Your instructions:
Images don't belong in the copy. Output the rest of the data exactly.

Dataset content:
- - - -

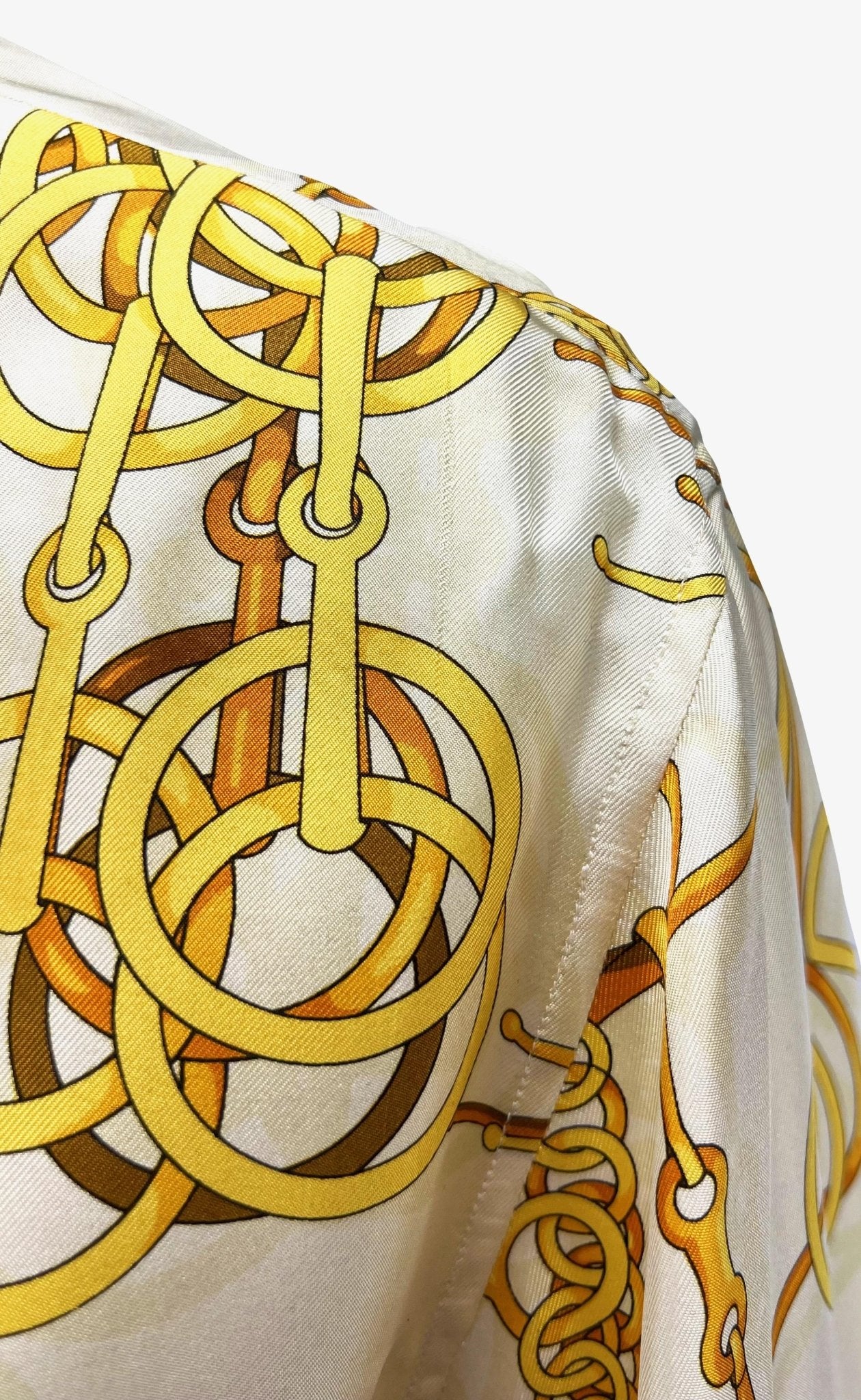 S/S 1993 Gucci White and Gold Horsebit Print French Cuff Button Up Top - RealList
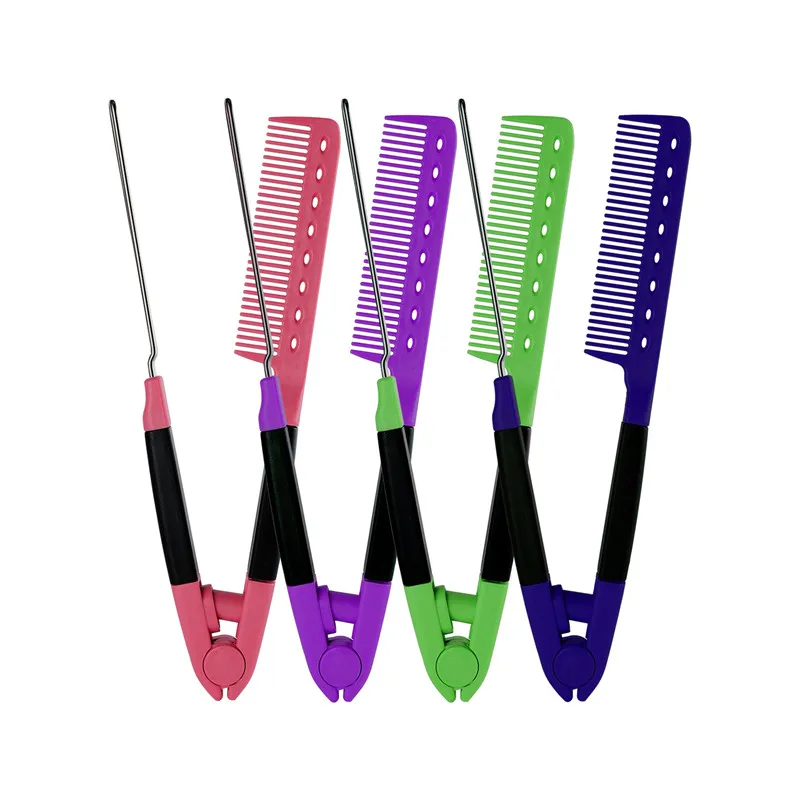 V Type Washable Folding Hair Straightener Comb Plywood Comb Hollow Card Slot Comb Hairdressing Brush Comb Hair Styling Tool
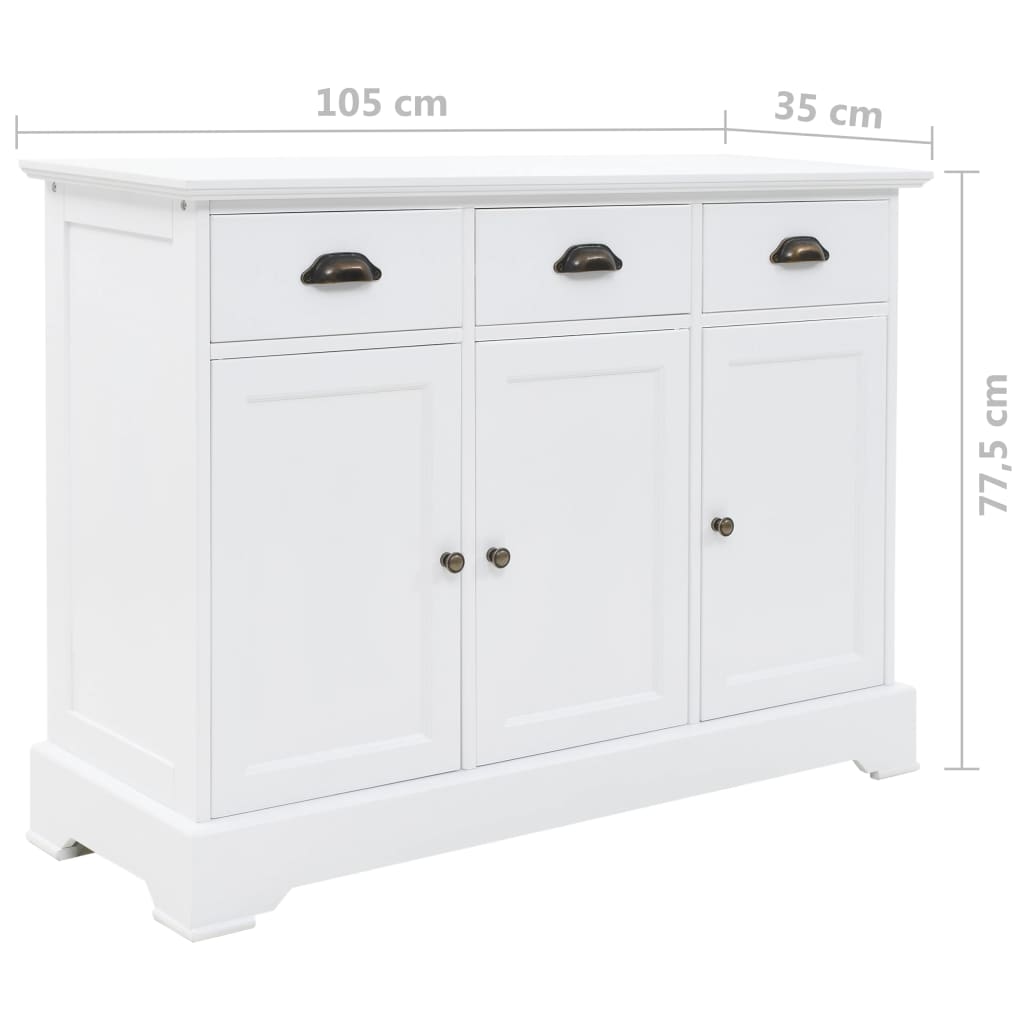 Buffet avec 3 portes MDF et Bois de pin 105x35x77,5 cm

- - - -

Task result:
 S/S 1993 Gucci White and Gold Horsebit Print French Cuff Button Up Top - RealList
 V Type Washable Folding Hair Straightener Comb Plywood Comb Hollow Card Slot Comb Hairdressing Brush Comb Hair Styling Tool
 Buffet avec 3 portes MDF et Bois de pin 105x35x77,5 cm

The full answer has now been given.